La présidente de la Commission européenne Ursula von der Leyen a l’intention de présenter dans le courant du mois un plan visant à soutenir l’industrie européenne de la défense à l’aide de milliards d’euros d’argent du contribuable et à la regrouper par-delà les frontières.

Les menaces de Trump ne font que fournir l’opportunité pour déclencher une nouvelle escalade dans la spirale du réarmement. Certains commentaires ont donc salué les déclarations de Trump comme un « appel au réveil ». Politico, qui appartient désormais à la maison d’édition allemande Springer, a par exemple publié un article cynique ayant pour titre « Donald Trump vient de faire une faveur à l’Europe », où l’on peut lire: « Le coup de tonnerre de Trump devrait aider à recentrer la boussole stratégique de l’Europe ».

La revue britannique International Affairs a qualifié les commentaires de Trump d’« appel au réveil pour les dirigeants européens et en particulier ceux de Berlin, Londres et Paris… Si Donald Trump ne peut pas unir les dirigeants européens dans la défense de l’Europe, il n’y a vraiment que peu d’espoir ».

Le réarmement européen n’est pas seulement dirigé contre la Russie. Même si les pouvoirs européens de l’OTAN collaborent encore étroitement avec les États-Unis, ce sont des rivaux économiques et géopolitiques. Les deux parties ont imposé pendant la présidence de Trump des mesures de guerre commerciale l’une contre l’autre, qui n’ont jamais été complètement levées avec Biden.
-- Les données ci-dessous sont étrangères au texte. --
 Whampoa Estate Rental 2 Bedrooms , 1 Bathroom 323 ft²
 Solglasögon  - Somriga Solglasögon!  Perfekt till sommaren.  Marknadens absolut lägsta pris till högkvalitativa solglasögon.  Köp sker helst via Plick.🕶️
Et de vives tensions couvent également entre les pouvoirs européens eux-mêmes.

Des politiciens allemands de premier plan – l’ex-ministre des Affaires étrangères et actuel président allemand Frank-Walter Steinmeyer et l’ex-ministre de la Défense Ursula von der Leyen en tête – ont déjà exigé il y a dix ans que l’Allemagne abandonne sa « retenue militaire », devienne la première puissance d’Europe et joue à nouveau dans le monde entier un rôle politique et militaire correspondant à son poids économique. La même année, ils ont soutenu le coup d’État droitier de Kiev, qui a ouvert la voie à la guerre menée par les États-Unis et l’OTAN contre la Russie en Ukraine. Les États-Unis, l’UE et ses États membres ont financé et contrôlé militairement la guerre avec des centaines de milliards de dollars.

L’appel à l’autonomie militaire et nucléaire montre que les pouvoirs européens, tout comme les États-Unis, ne reculeront devant rien pour atteindre leurs objectifs impérialistes, pas même devant une guerre nucléaire qui dévasterait l’Europe et menacerait la survie de l’humanité. Ce qui les pousse – comme dans la Première et la Seconde Guerre mondiale – c’est la crise insoluble du système capitaliste, qu’ils tentent de résoudre en redivisant le monde par la force et en déclarant la guerre à leur propre classe ouvrière.

Il n’y a qu’un seul moyen d’arrêter la guerre, qui est soutenue par tous les partis bourgeois y compris la « gauche » de nom et les syndicats : la mobilisation indépendante et l’unification de la classe ouvrière européenne, américaine et internationale dans la lutte contre les coupes sociales, la dictature et la guerre. Cette lutte doit être basée sur un programme socialiste visant à renverser le capitalisme. C’est le programme défendu par le Comité international de la Quatrième Internationale et ses sections.